(Materials provided)
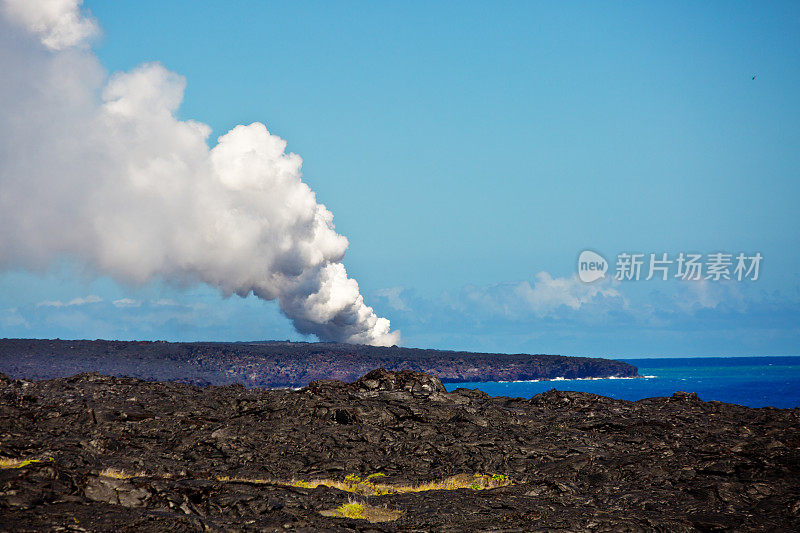 火山熔岩进入海洋的夏威夷火山国家公园，大岛，夏威夷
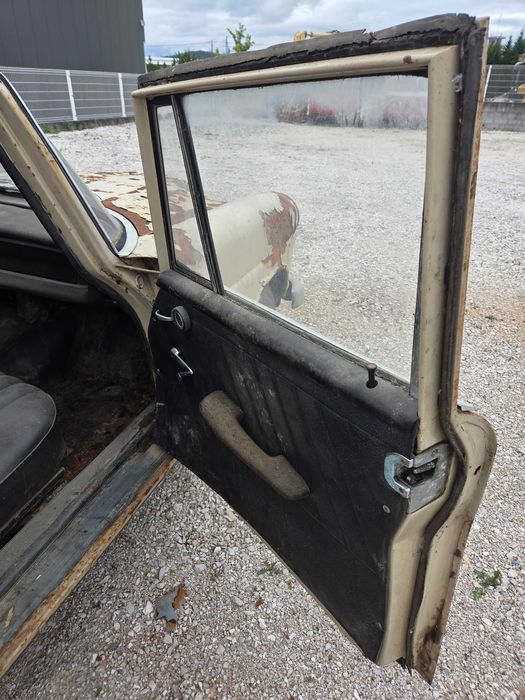 Mercedes 190 D rabo de peixe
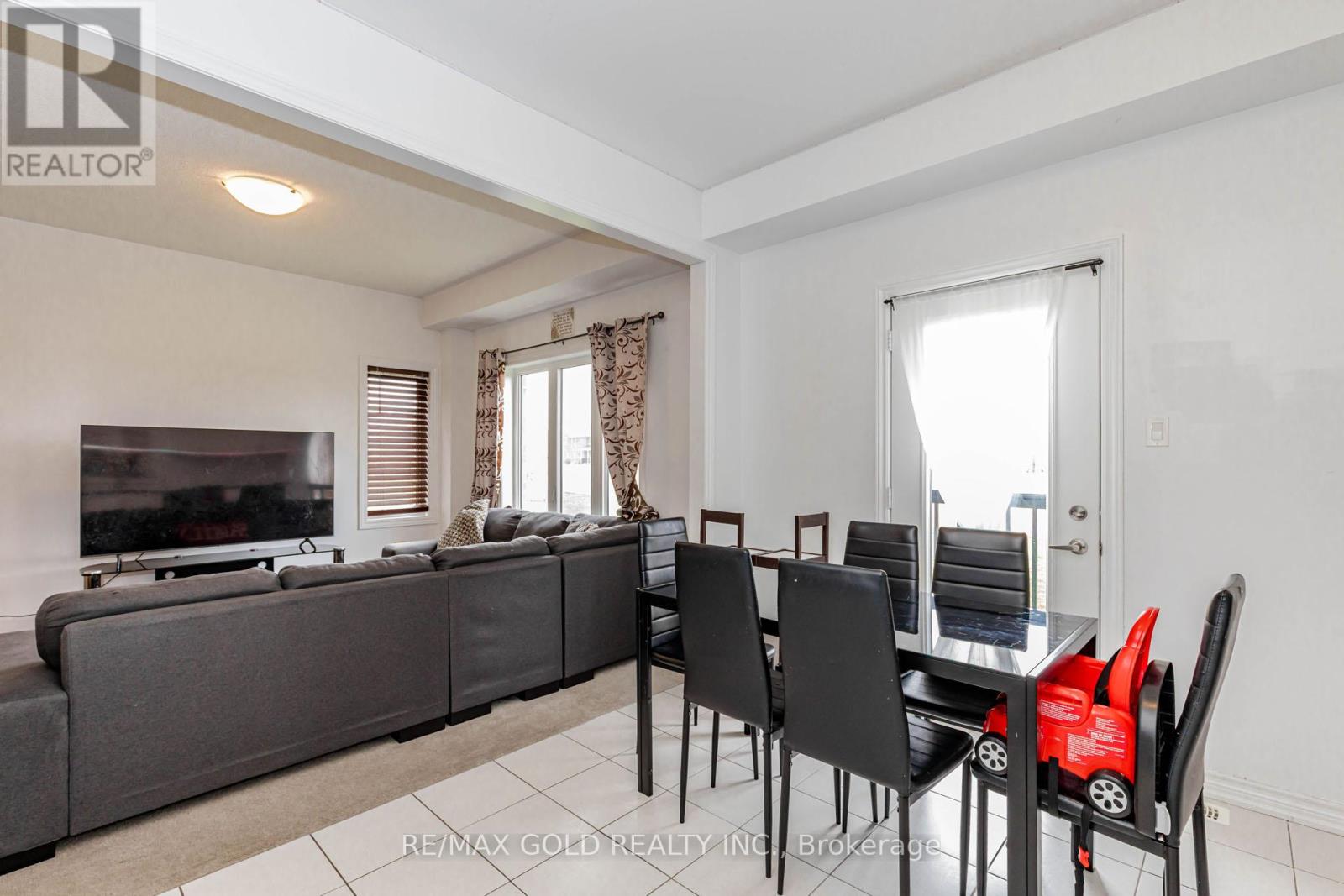 112 SEELEY AVENUE - 7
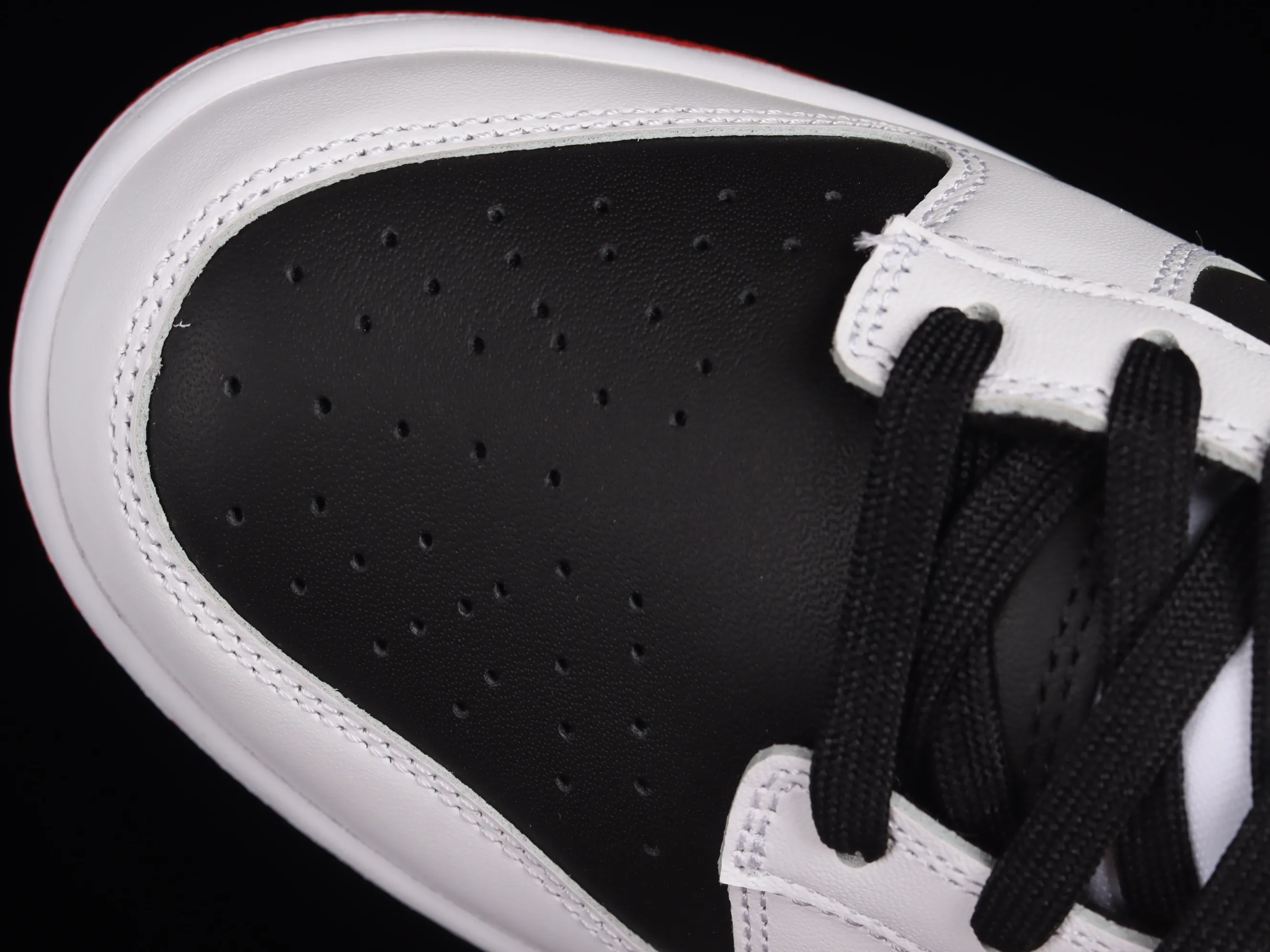All categories Nk SB Dunk series Nk SB Dunk Low low-top sneakers C version Nk Dunk Low white, black and red color matching SB low-top sports and leisure sneakers FD9762-061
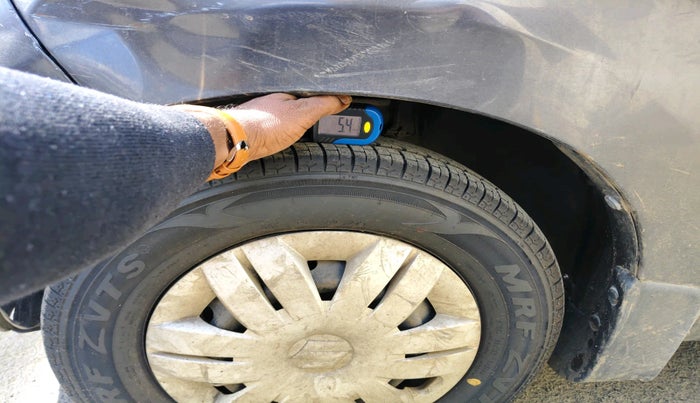 2014 Maruti Alto 800 LXI, Petrol, Manual, 74,440 km, tyre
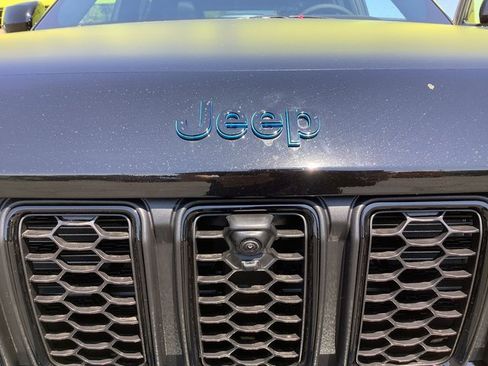 New 2023 Jeep Grand Cherokee Trailhawk w/ Luxury Tech Group III image 57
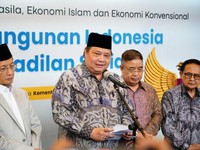 Menteri Koordinator Bidang Perekonomian Airlangga Hartarto dalam Simposium Sumbangan Ekonomi Pancasila, Ekonomi Islam, dan Ekonomi Konvensional: Menuju Pembangunan Indonesia yang Berkeadilan Sosial, di Jakarta, Selasa (8/9/2026).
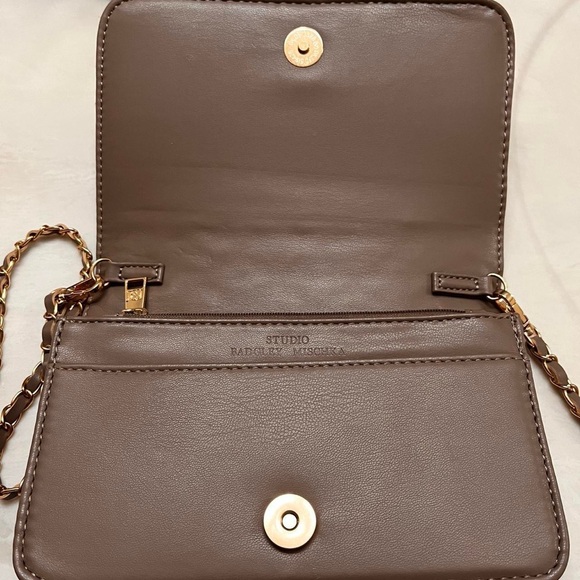 Badgley Mischka Taupe Quilted Crossbody Bag - Picture 3 of 8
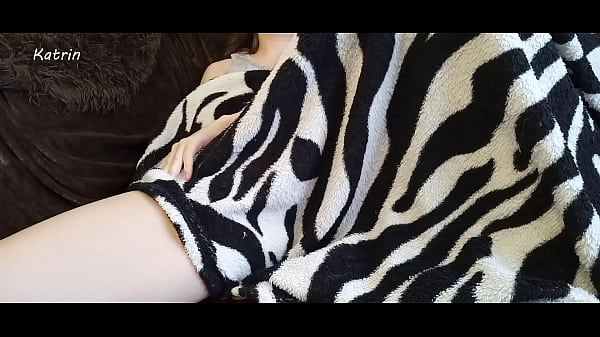 Image masturbation under the blanket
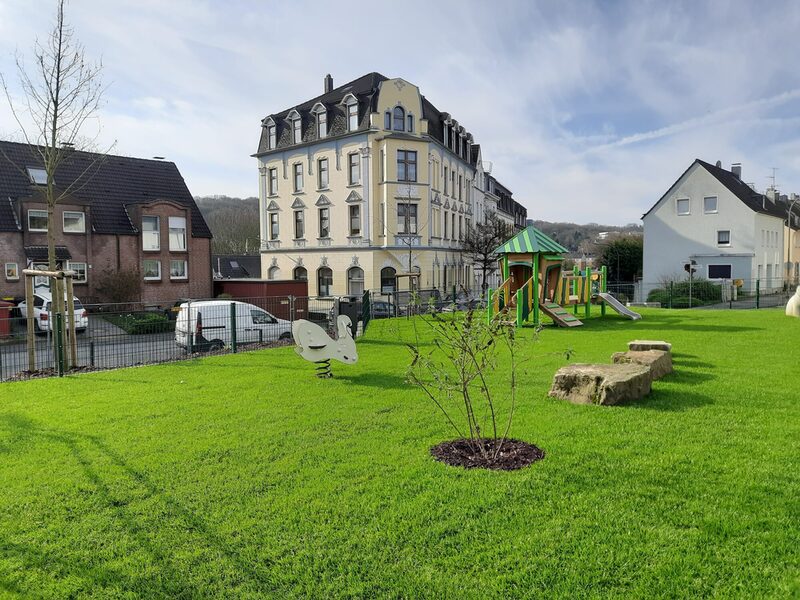 Spielplatz Goetheplatz mit neuen Spielgeräten und frisch eingesätem Rasen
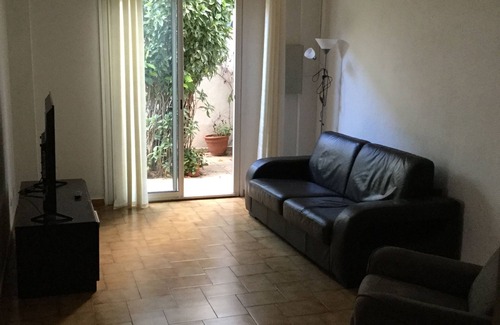 Saint-Denis House | T6 duplex near downtown, state garden, rate for 6 people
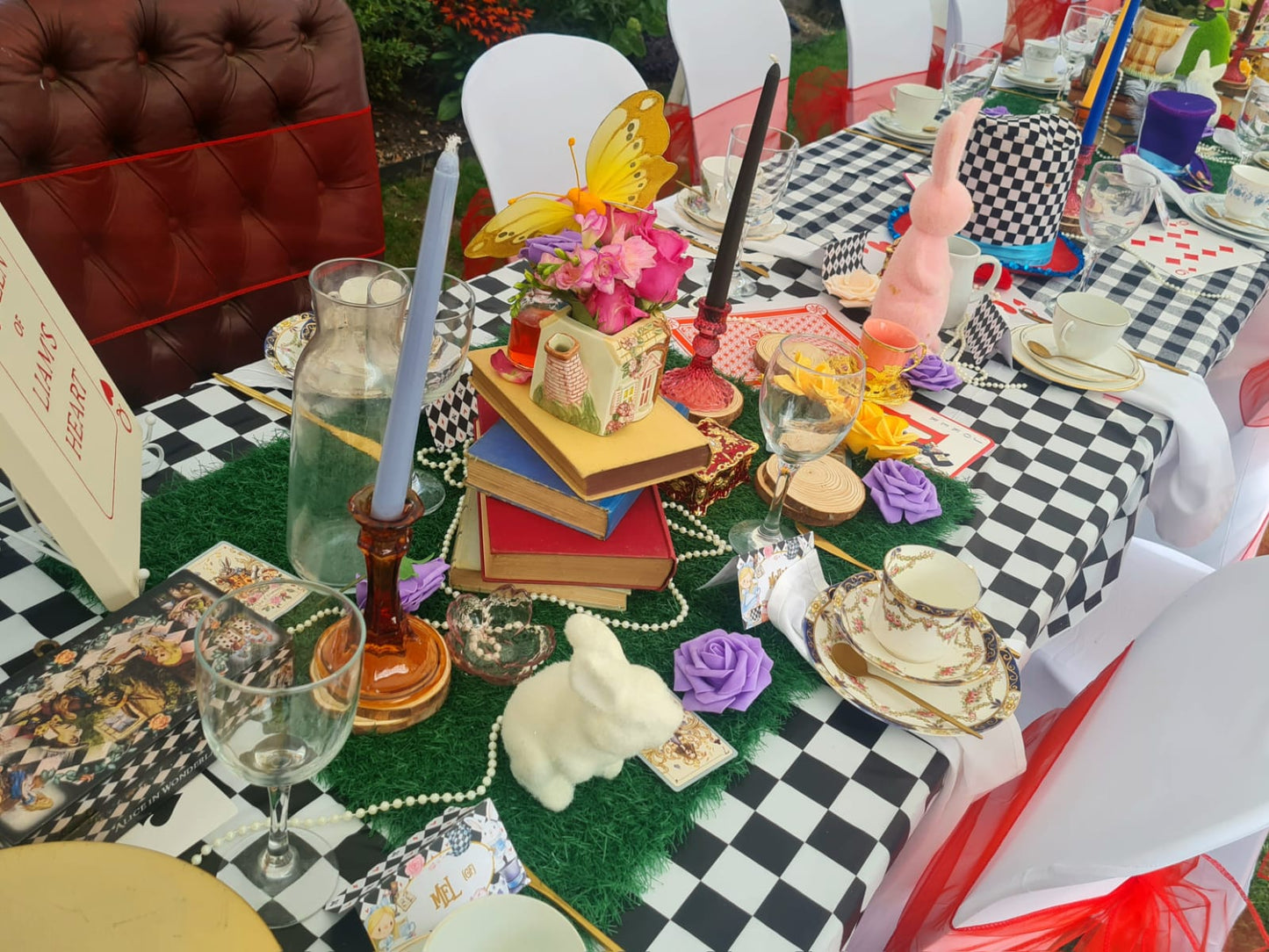 immersive Alice in Wonderland Afternoon Tea Experience - cakery wonderland eventscakery wonderlandcakery wonderlandafternoon teaalicedesserttable28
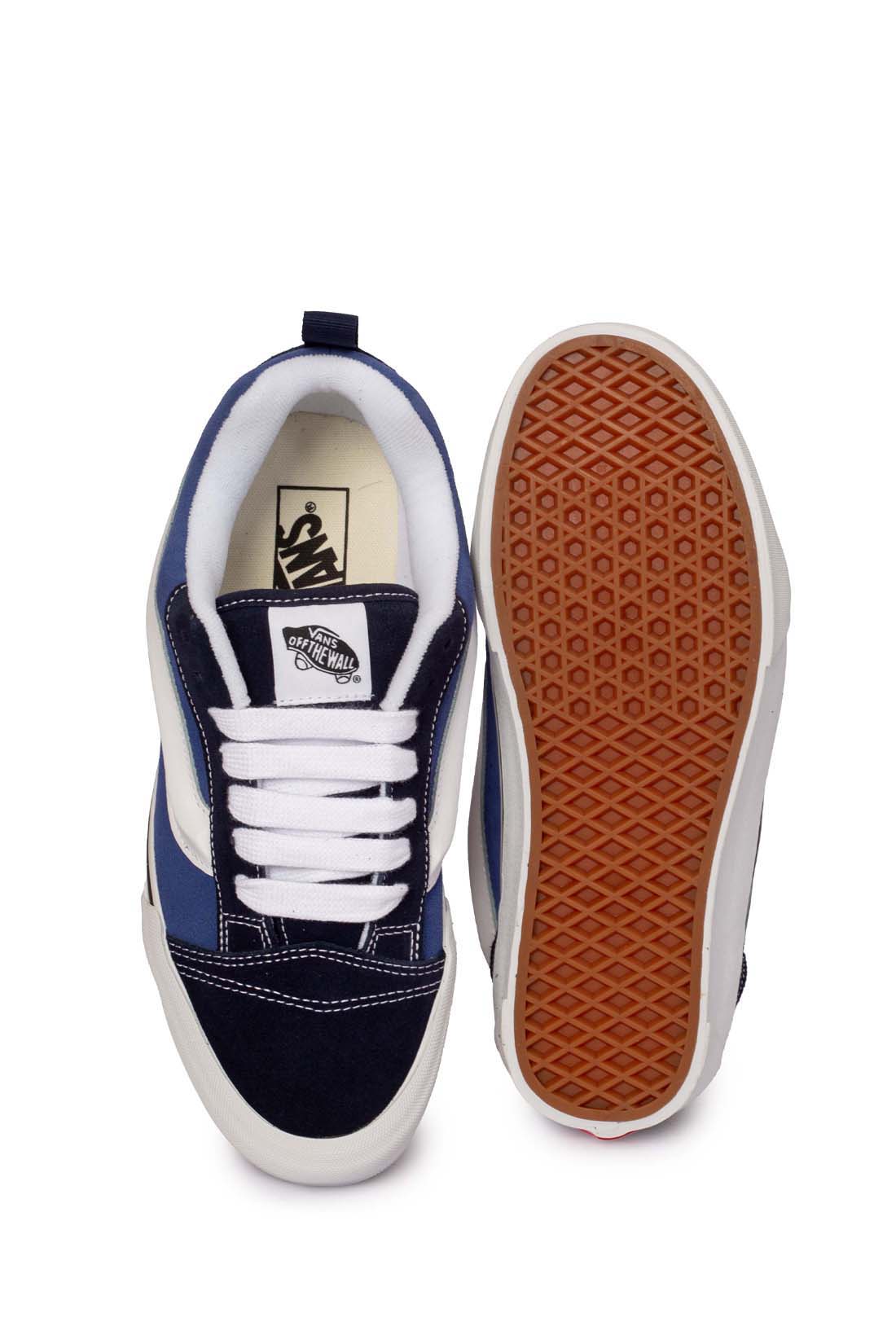 VANS - Unisex Knu Skool sneakers  - Number 43-0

(Task prompt) The pictures are not wanted, but every line of the listing should be duplicated exactly.

(Final answer)
 火山熔岩进入海洋的夏威夷火山国家公园，大岛，夏威夷
 Mercedes 190 D rabo de peixe
 112 SEELEY AVENUE - 7
All categories Nk SB Dunk series Nk SB Dunk Low low-top sneakers C version Nk Dunk Low white, black and red color matching SB low-top sports and leisure sneakers FD9762-061
 2014 Maruti Alto 800 LXI, Petrol, Manual, 74,440 km, tyre
 New 2023 Jeep Grand Cherokee Trailhawk w/ Luxury Tech Group III image 57
 Menteri Koordinator Bidang Perekonomian Airlangga Hartarto dalam Simposium Sumbangan Ekonomi Pancasila, Ekonomi Islam, dan Ekonomi Konvensional: Menuju Pembangunan Indonesia yang Berkeadilan Sosial, di Jakarta, Selasa (8/9/2026).
 Badgley Mischka Taupe Quilted Crossbody Bag - Picture 3 of 8
 Image masturbation under the blanket
 Spielplatz Goetheplatz mit neuen Spielgeräten und frisch eingesätem Rasen
 Saint-Denis House | T6 duplex near downtown, state garden, rate for 6 people
 immersive Alice in Wonderland Afternoon Tea Experience - cakery wonderland eventscakery wonderlandcakery wonderlandafternoon teaalicedesserttable28
 VANS - Unisex Knu Skool sneakers  - Number 43-0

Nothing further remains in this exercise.